● **RECORD SET**
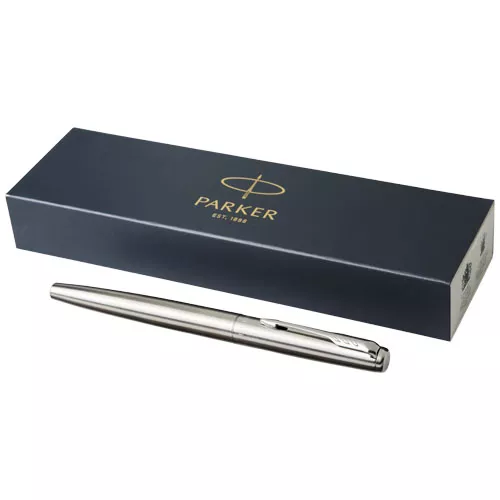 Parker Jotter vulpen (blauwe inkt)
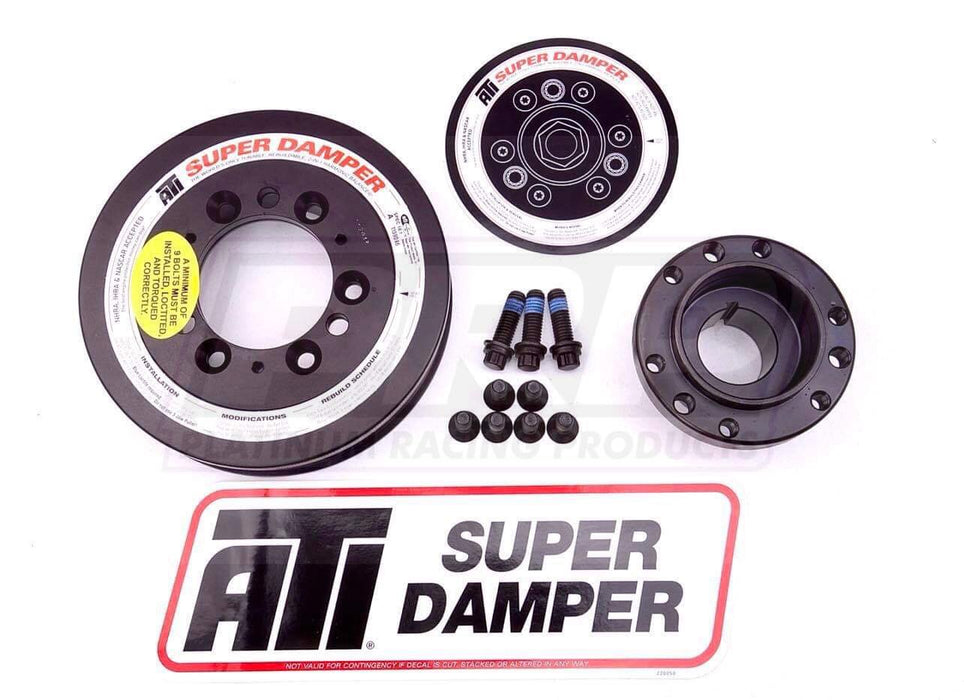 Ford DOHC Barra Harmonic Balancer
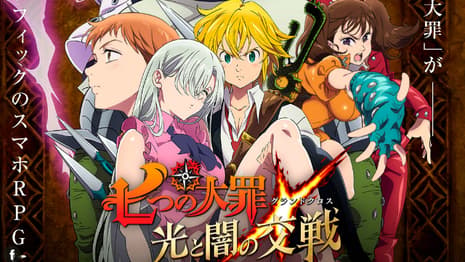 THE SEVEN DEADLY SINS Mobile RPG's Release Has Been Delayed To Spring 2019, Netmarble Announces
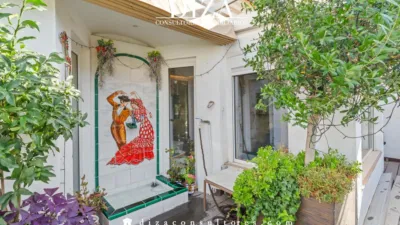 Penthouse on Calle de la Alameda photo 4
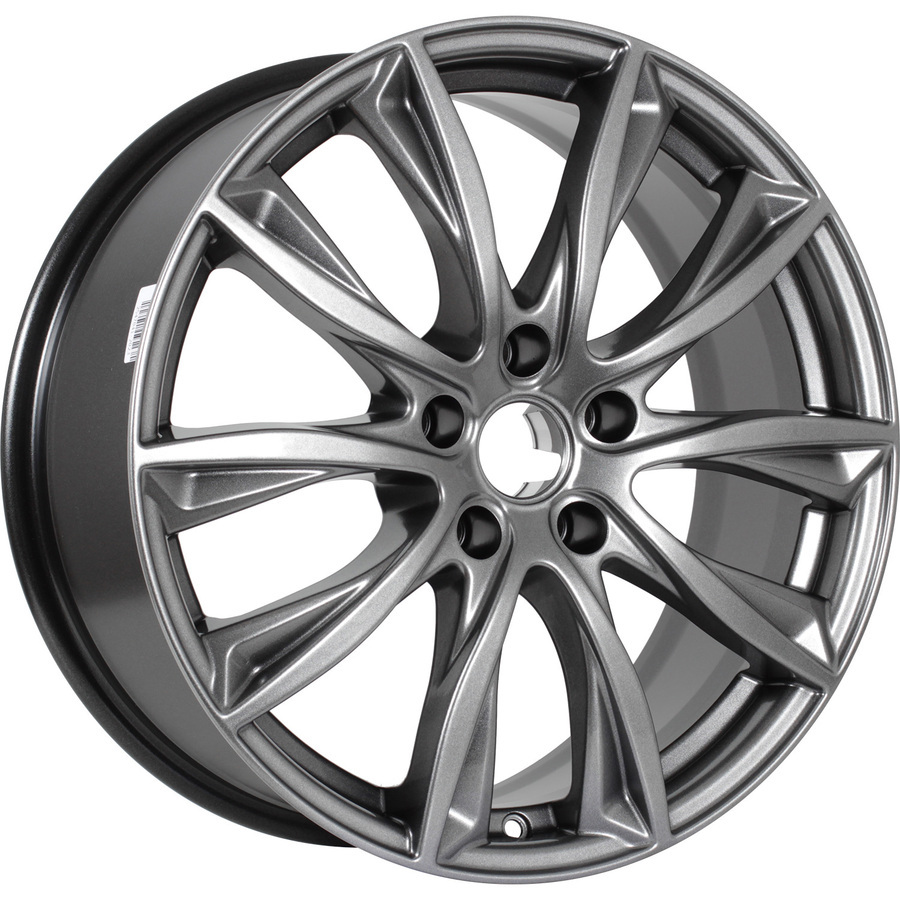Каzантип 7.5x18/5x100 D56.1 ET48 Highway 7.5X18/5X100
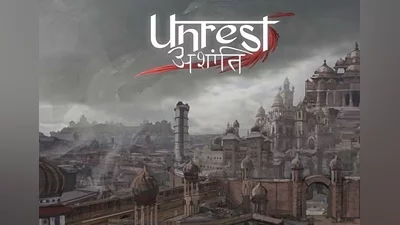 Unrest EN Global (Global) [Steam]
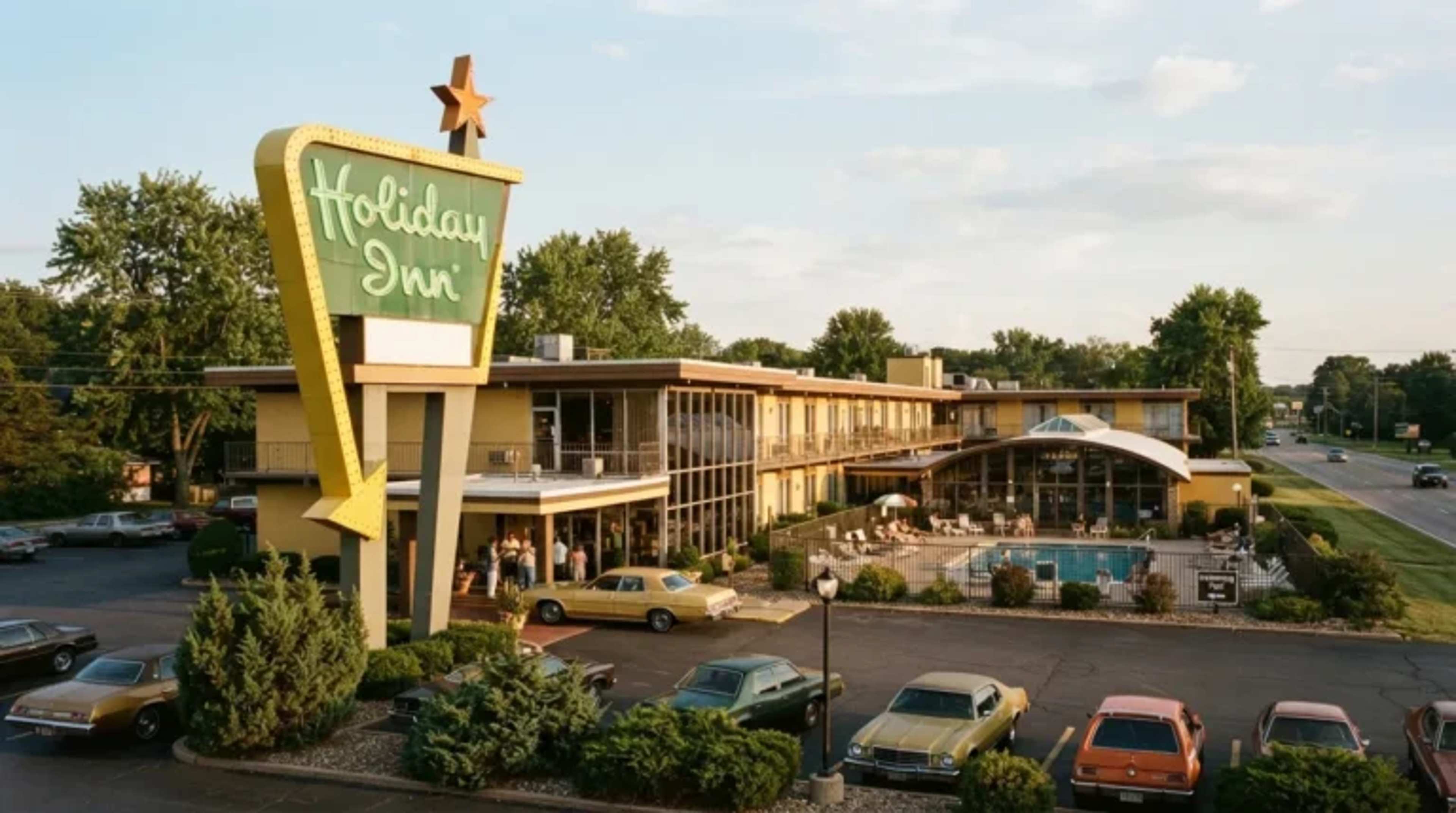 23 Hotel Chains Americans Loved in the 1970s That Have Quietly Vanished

--

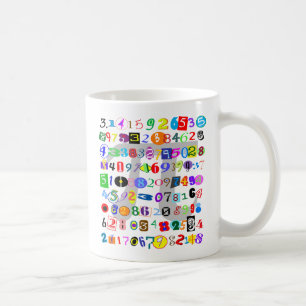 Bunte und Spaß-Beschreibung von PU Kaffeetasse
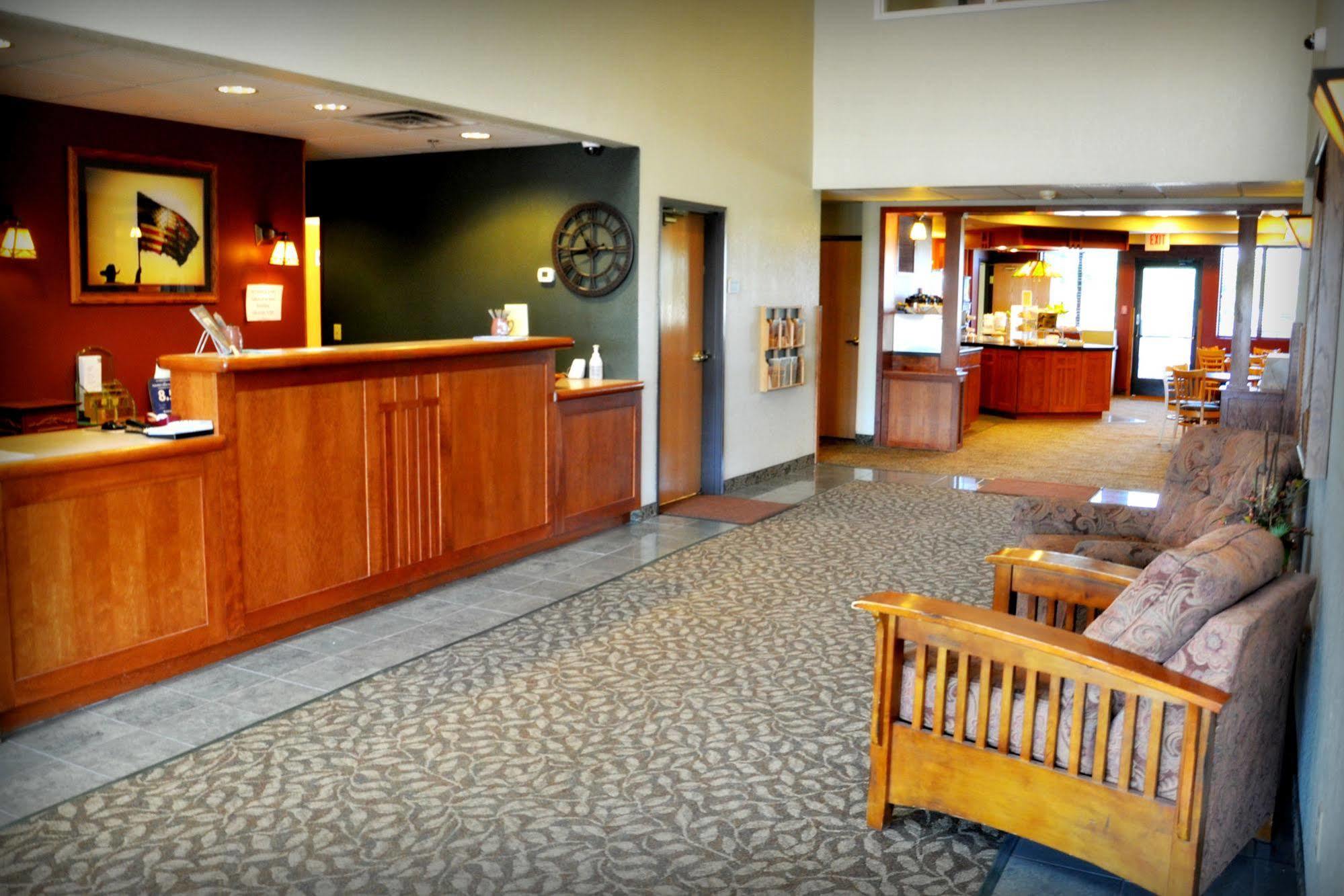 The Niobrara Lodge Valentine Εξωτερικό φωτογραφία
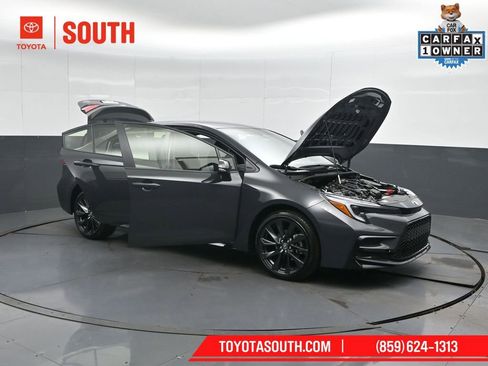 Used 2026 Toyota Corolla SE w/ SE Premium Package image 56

● **TASK OBJECTIVE**
From the material above, give again exactly the lines from the one that contains "Каzантип 7.5x18/5x100 D56.1" through the one that contains "23 Hotel Chains", and leave out the pictures.

● **EXERCISE RESULT**
Каzантип 7.5x18/5x100 D56.1 ET48 Highway 7.5X18/5X100
 Unrest EN Global (Global) [Steam]
 23 Hotel Chains Americans Loved in the 1970s That Have Quietly Vanished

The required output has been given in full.